Exercise goal: Exclude the images, then return every line below exactly as written.

Supplied data:
──────────
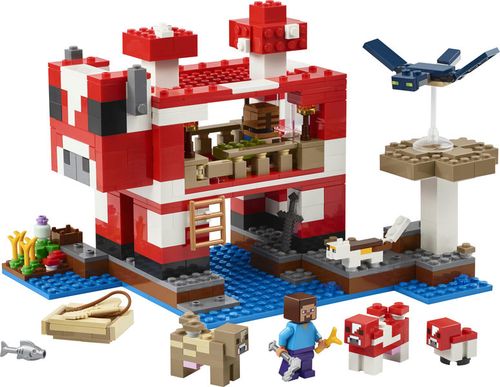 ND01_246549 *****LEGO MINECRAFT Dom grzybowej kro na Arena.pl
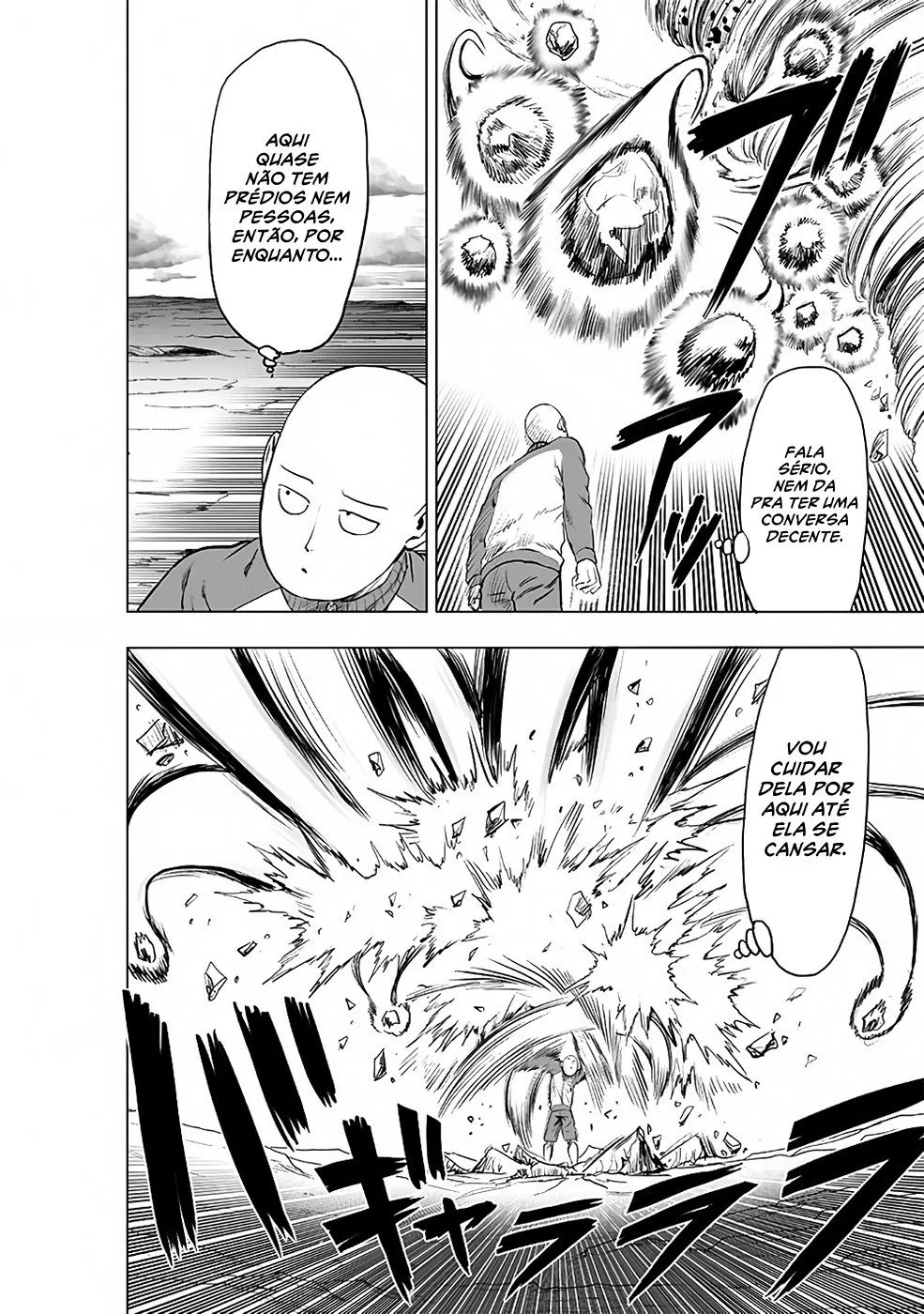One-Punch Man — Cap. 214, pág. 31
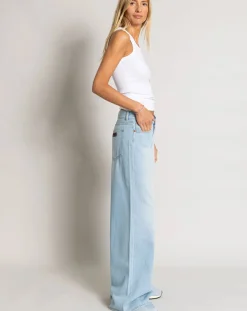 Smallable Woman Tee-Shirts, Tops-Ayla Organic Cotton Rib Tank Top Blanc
──────────
Answer space:
 ND01_246549 *****LEGO MINECRAFT Dom grzybowej kro na Arena.pl
One-Punch Man — Cap. 214, pág. 31
 Smallable Woman Tee-Shirts, Tops-Ayla Organic Cotton Rib Tank Top Blanc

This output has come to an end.